This is in response to V's article on Scaling Farcaster:
Here are my stipulations, observations, and ideas:
Polynya is right about strict global consensus being expensive.
If you've been following Polynya's writings for some time, their main hobby horse has been advocating for rollups & the modular architecture, but a recent blog post of theirs on The Drawbacks of Strict Global Consensus had me thinking about Farcaster Hubs. Currently, FC's Conflict Free Replicated Datatype architecture is more 'eventual consistency' than 'strict consensus', but it is certainly 'not sharded.' Contrast this with RSS or the web writ large, which is naturally sharded due to its client-server architecture. Facebook or Twitter also do some amount of sharding internally, but this is more disk/db sharding of a single unified database that is still 'ACID'.RSS+: The original plan for Farcaster looked a lot more like Bluesky.
The original/v1 Farcaster protocol back in 2022 looked a lot more like Bluesky where each FID would have a 'home' Hub that was a URL that could be updated onchain. Basically, the Farcaster contracts wouldn't just be a canonical registry of FIDs, there would also be phone book mapping of FID to Home Hub URLs. While hubs solve a lot of problems, having an alternate place to download casts could be useful (see next point). Bringing this back would be useful for allowing PDS-like functionality, and Bluesky may want to do this independently for their own DiD purposes.Users have limited time & attention...they don't care about ingesting every message on the network, but the current architecture requires every hub to ingest every message in the hope that some of them are relevant to the users/customers. This improves discoverability but causes massive hardware and bandwidth pains. State expiry helps a little bit, but PDSs solve both for expiry (just keep your own messages as long as you want on your own server), and for relevance (just like RSS, you only subscribe to feeds you are interested in, so you own download data from those URLs during sync).
Gossipsub Hubs should be used for important things.
For a post that is heavily recasted or liked (to be clear these 'like' actions can live on the users PDS, so they don't have to also live on the hub): a SNARK proof could be generated to show that some N number of valid FIDs have liked the post, as a condition of inclusion to be published on the hub. Active/Powerbadged users or channels could also be automatically included onto the hub. The hub history could also be made shorter since most data would be available on PDSs over IPFS, the CRDT expiry could be as short as every 24 hours, since that's the natural cycle of our lives, and therefore, our news cycle.
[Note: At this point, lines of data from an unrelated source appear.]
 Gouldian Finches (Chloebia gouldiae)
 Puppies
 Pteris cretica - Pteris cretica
What I'm advocating for is a hybrid system of Farcaster-esque GossipSub Hubs and BlueSky AT Proto XRPC Personal Data Servers. Convergent evolution is good! Casts should live on both. Hubs are really good for making sure everyone sees the same set of casts eventually, and PDSs might be great for light/mobile clients who want to efficiently find casts from users they care about, by going straight to the source.
In theory, these protocols could interoperate. Ethereum accounts are already a type of Decentralized Identifier ('DiD'), which is the root identity primitive on Bluesky. Some of the schemas for posts and likes may need some work to promote interop, but I think it would be worth it.
Timestamping
This section is more of an addendum that I couldn't fit logically with the other content above, but still on my mind.
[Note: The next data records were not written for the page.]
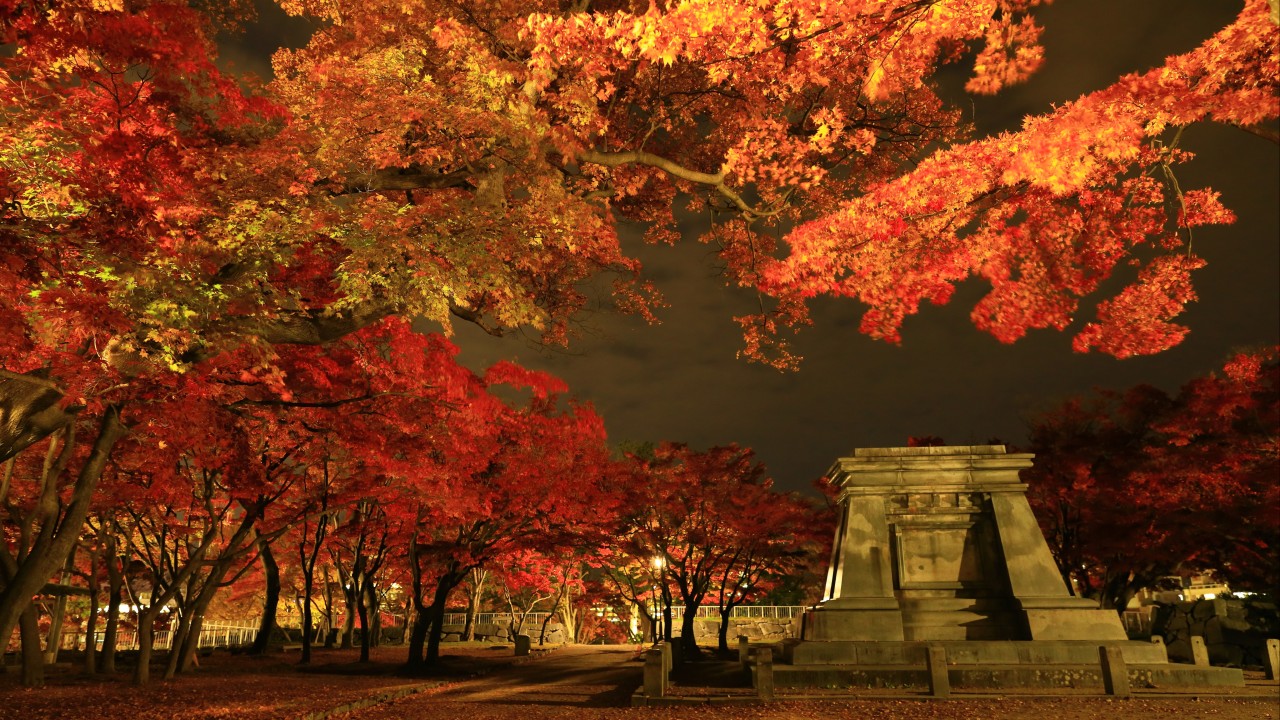Japonya'nın turizm cenneti Tohoku neden hâlâ gözden kaçıyor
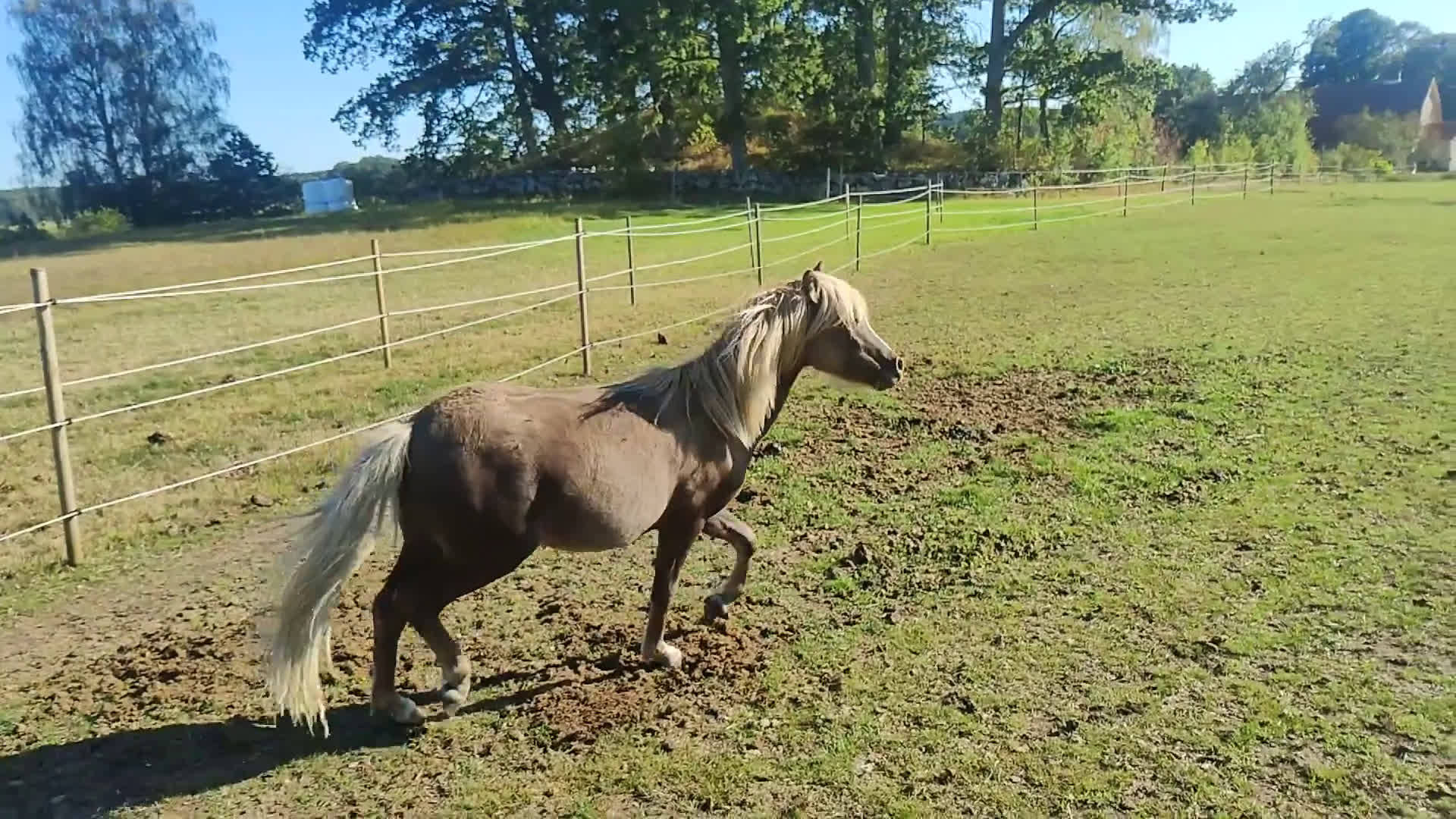 Allround hästar till salu: American Curly/ Welsh säljes/bytes i Ballingslöv - Video 1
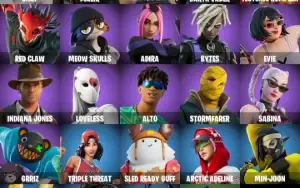 Fortnite 24 Skins - Pc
Currently, neither Farcaster or Bluesky have a really solid solution for timestamping when a cast actually occurred. On Farcaster, the CRDT creates a sort of 'Merkel Tree across time' where each subtree contains casts from a specific time window (say, one hour), and hubs come to a consensus on whether a cast should go into the previous time bin or the next. Bluesky is even worse and relies on PDSs to self-publish a timestamp, similar to any other webpage. The suggestion is to 'just reject crazy values', which is not great for microblogging, especially since content can be very time-sensitive and worth caring about the real order of events.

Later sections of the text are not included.